• TASK DIRECTIONS:
With the pictures omitted, repeat exactly the lines below starting with the line that has "Bague en or jaune et diamants" and going on through the line that has "Tanah Beach Front".

• SOURCE MATERIAL:
= = = = = = =

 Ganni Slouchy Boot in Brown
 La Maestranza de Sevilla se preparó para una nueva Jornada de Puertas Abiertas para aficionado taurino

= = = = = = =

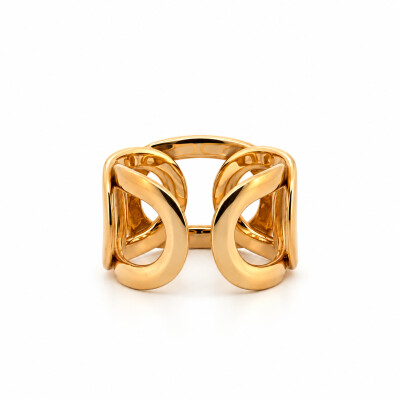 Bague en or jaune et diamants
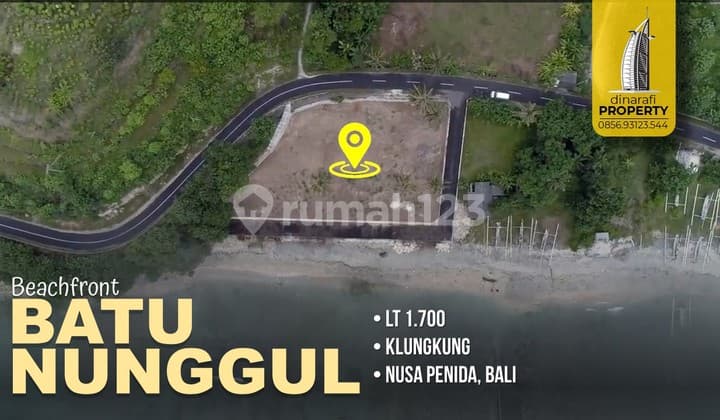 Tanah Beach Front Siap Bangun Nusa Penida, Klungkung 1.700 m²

= = = = = = =

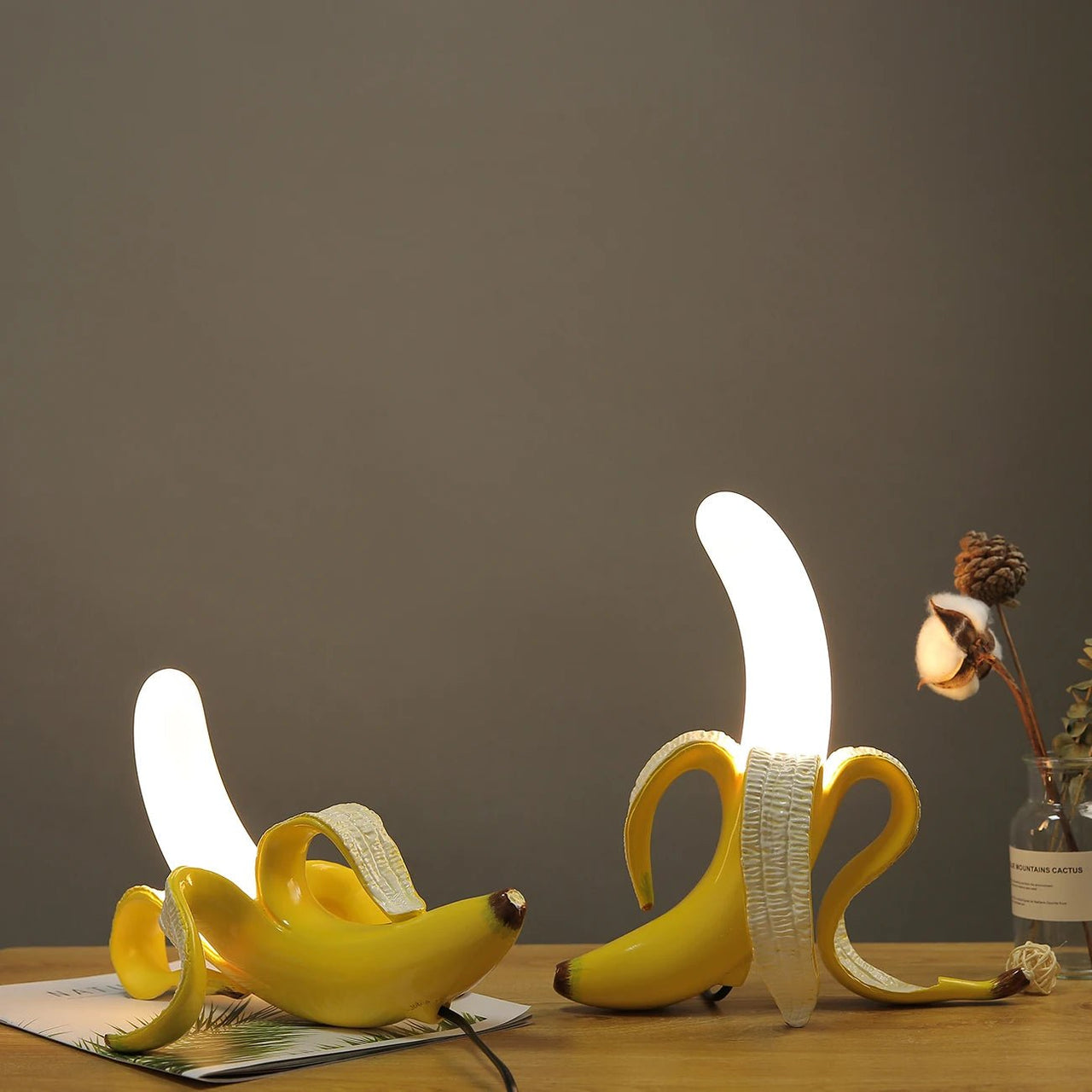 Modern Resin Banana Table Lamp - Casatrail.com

= = = = = = =

• WRITTEN ANSWER:
 Bague en or jaune et diamants
 Tanah Beach Front Siap Bangun Nusa Penida, Klungkung 1.700 m²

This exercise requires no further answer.